En önemli eseri , bütün şiirlerinin toplandığı Safahat´tır. Safahat´ta; Kocakarı ile Ömer, Mahalle Kahvesi, Seyfi Baba, Küfe gibi birçok manzum hikaye vardır.

Mehmet Akif, kelime hazinesi oldukça geniş, Türkçe´ye ve aruza tamamen vakıf, müstesna bir yazar-şairdir. Onun kelime hazinesine bugün bile daha ulaşamadık. Kelime hazinemiz yetersiz kalınca okuduğumuzdan bir şey anlayamıyoruz deyip kenara çekiliyoruz. Kolay olanı tercih ediyoruz. Paça ıslanmadan balık tutulduğu nerede görülmüş?

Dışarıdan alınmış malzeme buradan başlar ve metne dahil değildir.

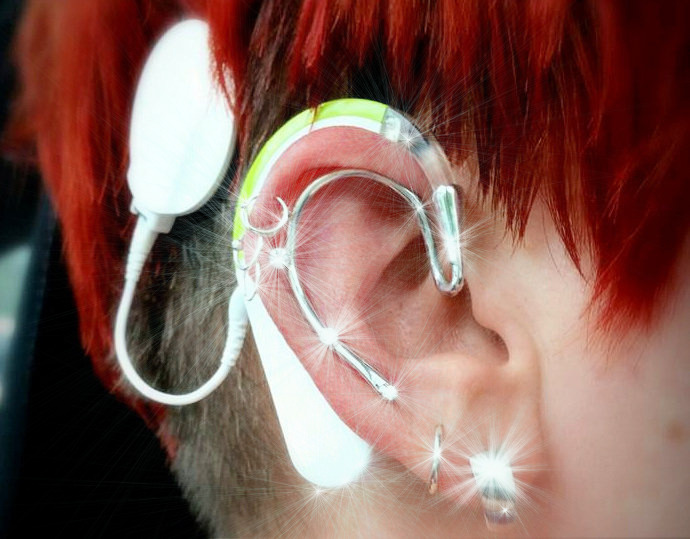 Bild Stäff Katzmann, Cochlea Implantat mit Schmuckbesatz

O, devrinde şahit olduğu birçok sosyal içerikli hadiseyi daha kalıcı olsun, akılda çabucak kalsın ve güzel olsun diye manzum hikaye şeklinde kaleme almıştır. Herkes hikaye yazabilir ama manzum hikaye yazmak pek de kolay değildir. Bunu, Mehmet Akif gibi üstün yetenekli insanlar başarabilir. Manzum hikaye yazabilmek için konunun yanı sıra ölçü, kafiye, redif, nazım birimi, nazım şekli? gibi birçok unsura vakıf olmak gerekir. İşte bu meziyetler Akif´te ziyadesiyle mevcuttur.


Derste Akif´in bir manzum hikayesi olan Küfe´yi işliyorduk.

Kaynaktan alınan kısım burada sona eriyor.